**Supplied data:**
=== Begin Enclosure ===
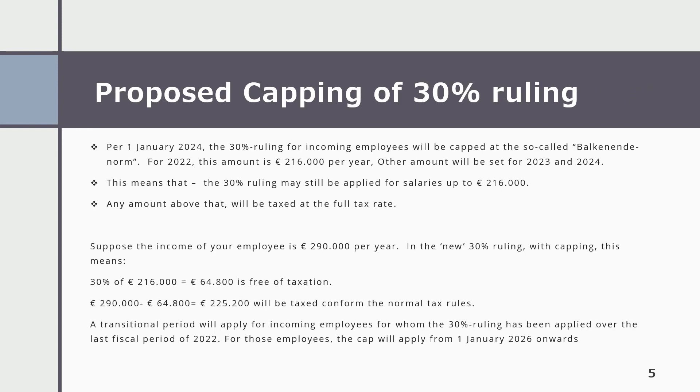Per 1st January 2024, the 30% ruling for incoming employees will be capped at the so-called Balkenendenorm. For 2022, this amount is €216,000 euros per year. A different amount will be set for 2023 and 2024.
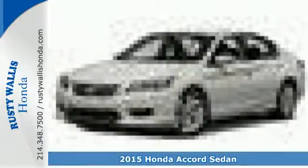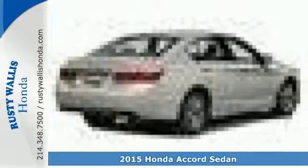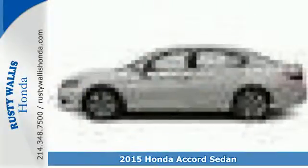Here's a 2015 Honda Accord. Nearly 40 years of heritage brings you this incomparable Accord. It has many convenient features like a rear-view camera, dual-zone climate control, and Bluetooth hands-free link.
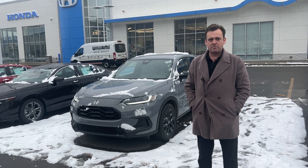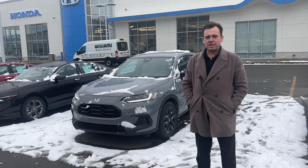Hi, I'm Kevin Duffy at Williams Honda in Elmira, New York, and I want to show you a little bit about the HR-V.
=== End Enclosure ===
**Task description:**
Transcribe each line of the material above verbatim, but do not include the images.

**Result below:**
Per 1st January 2024, the 30% ruling for incoming employees will be capped at the so-called Balkenendenorm. For 2022, this amount is €216,000 euros per year. A different amount will be set for 2023 and 2024.
Here's a 2015 Honda Accord. Nearly 40 years of heritage brings you this incomparable Accord. It has many convenient features like a rear-view camera, dual-zone climate control, and Bluetooth hands-free link.
Hi, I'm Kevin Duffy at Williams Honda in Elmira, New York, and I want to show you a little bit about the HR-V.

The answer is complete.